[Exercise data]
◇ ◇ ◇ ◇
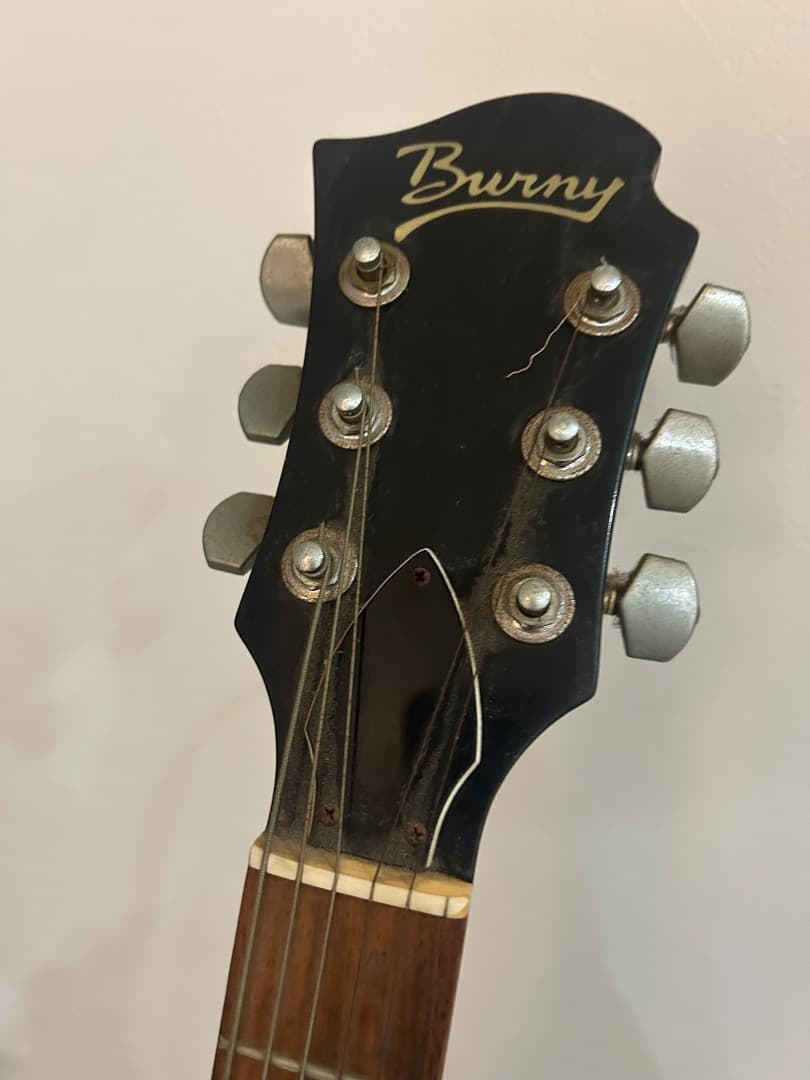 XJAPAN YOSHIKIモデル / FERNANDES / BG-125X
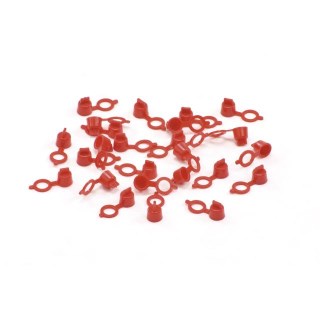Red Zerk Caps  25-Pack from Hotchkis Sport Suspension - Thumbnail Image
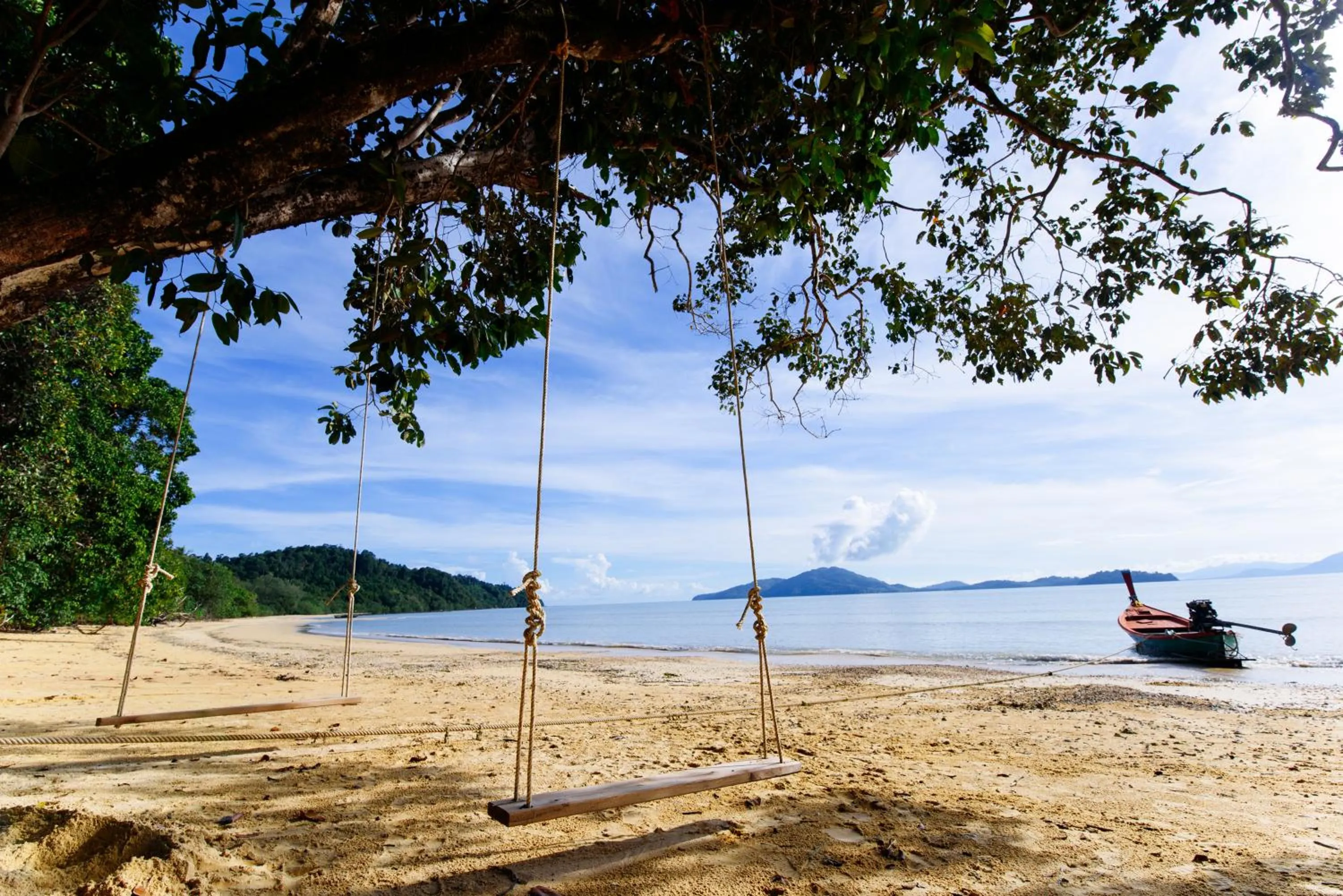 Day in Phayamas Private Beach Resort and Island Brew - Adults Only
◇ ◇ ◇ ◇
[Task statement]
Your reply should hold every line of the material, unaltered, and not one picture.

[Answer to the exercise]
 XJAPAN YOSHIKIモデル / FERNANDES / BG-125X
Red Zerk Caps  25-Pack from Hotchkis Sport Suspension - Thumbnail Image
 Day in Phayamas Private Beach Resort and Island Brew - Adults Only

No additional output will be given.